There are three types of estimates, and it’s important to be aware of the conditions and risks of each:
- Binding estimate: obligates you to pay the price quoted, even if your final shipping weight or number of items decreases OR is less than what was originally estimated.
- Non-binding estimate: bills you for the final weight of your shipped goods; the estimate merely serves as a preliminary approximation.
- Not-to-exceed estimate (sometimes referred to as a guaranteed price or price protection): lets you pay the estimated price or the actual cost, whichever is lower.

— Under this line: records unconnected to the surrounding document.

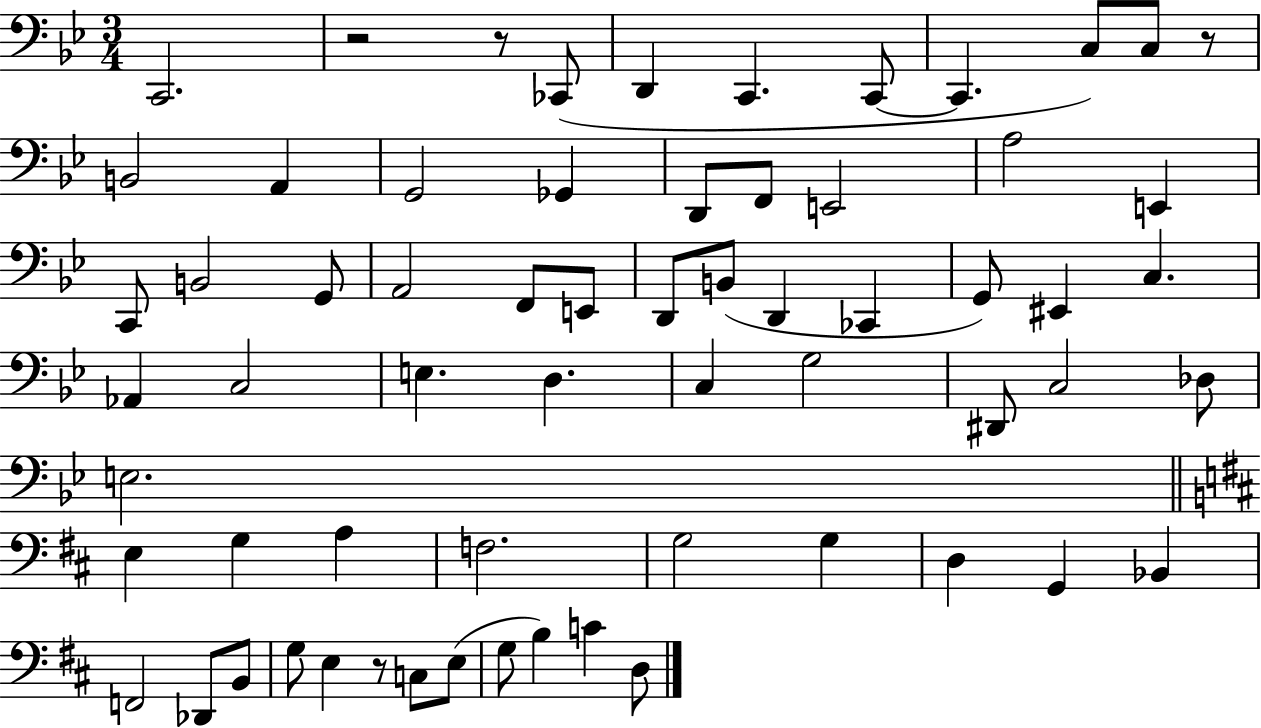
{
  \clef bass
  \numericTimeSignature
  \time 3/4
  \key bes \major
  c,2. | r2 r8 ces,8( | d,4 c,4. c,8~~ | c,4. c8) c8 r8 | \break b,2 a,4 | g,2 ges,4 | d,8 f,8 e,2 | a2 e,4 | \break c,8 b,2 g,8 | a,2 f,8 e,8 | d,8 b,8( d,4 ces,4 | g,8) eis,4 c4. | \break aes,4 c2 | e4. d4. | c4 g2 | dis,8 c2 des8 | \break e2. | \bar "||" \break \key b \minor e4 g4 a4 | f2. | g2 g4 | d4 g,4 bes,4 | \break f,2 des,8 b,8 | g8 e4 r8 c8 e8( | g8 b4) c'4 d8 | \bar "|."
}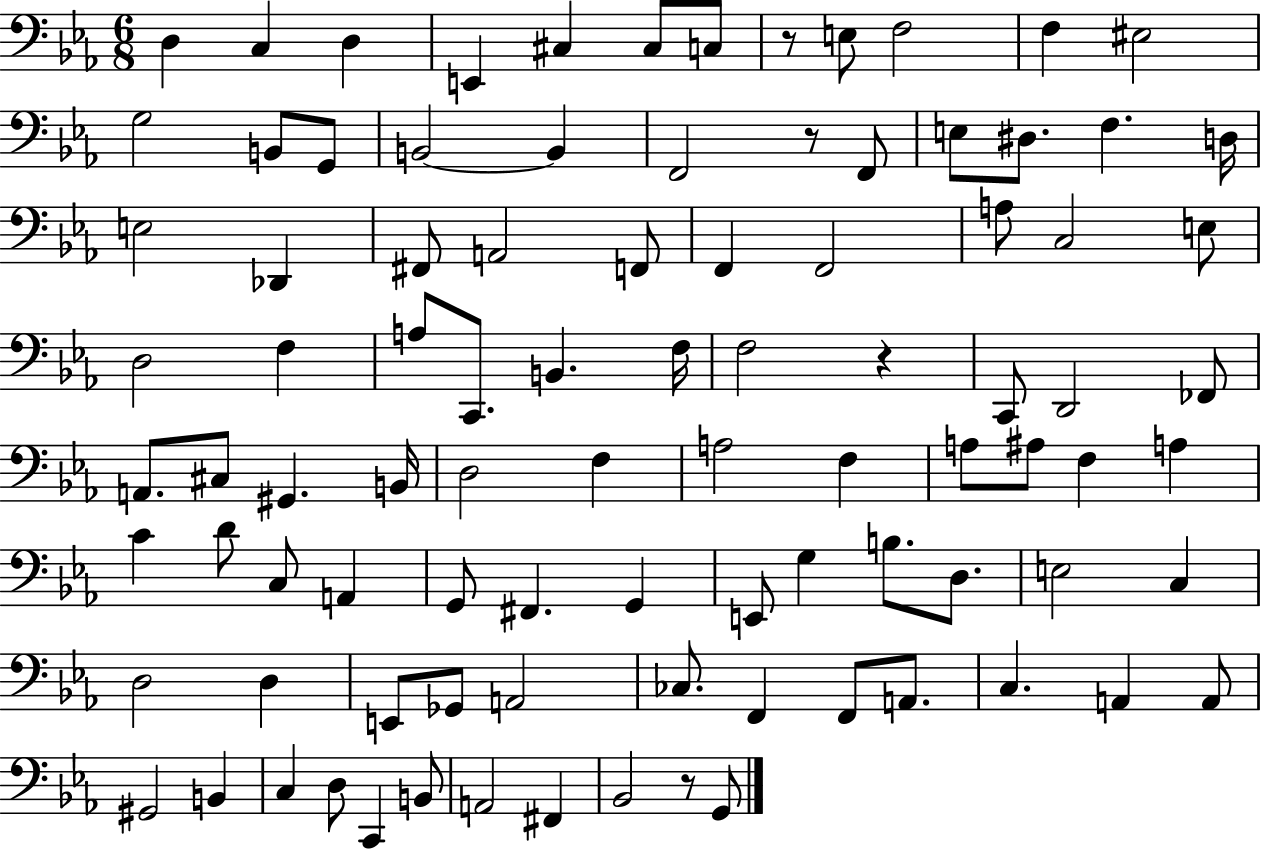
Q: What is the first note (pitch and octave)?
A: D3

Binding and not-to-exceed estimates must be provided by the carrier in writing. Learn more about estimates here. It’s important to note that all movers reserve the right to charge for necessary services, like putting items in storage if no one is there to accept delivery, even if they’re not included in the estimate and you don’t ask for them.
Protect your wallet
One of the most common moving scams is the “no-show” in which moving companies, or scammers posing as such, charge an upfront deposit and then fail to appear on the scheduled move day. There are also instances of fake movers who do show up, load up a customer’s possessions, and then demand an exorbitant ransom for their return.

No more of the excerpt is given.